---- RECORDS PROVIDED
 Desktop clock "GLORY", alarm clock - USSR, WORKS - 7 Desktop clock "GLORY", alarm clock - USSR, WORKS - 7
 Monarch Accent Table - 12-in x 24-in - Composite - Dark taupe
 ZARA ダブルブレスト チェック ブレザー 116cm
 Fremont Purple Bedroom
--------
---- RECORDS PROVIDED
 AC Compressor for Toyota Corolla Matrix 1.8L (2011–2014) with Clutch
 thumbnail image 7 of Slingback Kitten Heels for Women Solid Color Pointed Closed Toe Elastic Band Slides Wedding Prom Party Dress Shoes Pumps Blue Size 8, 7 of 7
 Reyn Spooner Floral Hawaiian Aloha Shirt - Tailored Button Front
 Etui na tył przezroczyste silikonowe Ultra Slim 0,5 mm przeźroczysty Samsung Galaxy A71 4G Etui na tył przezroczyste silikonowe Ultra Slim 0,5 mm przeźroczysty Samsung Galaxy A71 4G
--------
WHAT IS EXPECTED:
From the material above, retype precisely the lines between the line holding "ZARA ダブルブレスト チェック ブレザー 116cm" and the line holding "Fremont Purple Bedroom", inclusive, and nothing beyond them.

OUTPUT BELOW:
 ZARA ダブルブレスト チェック ブレザー 116cm
 Fremont Purple Bedroom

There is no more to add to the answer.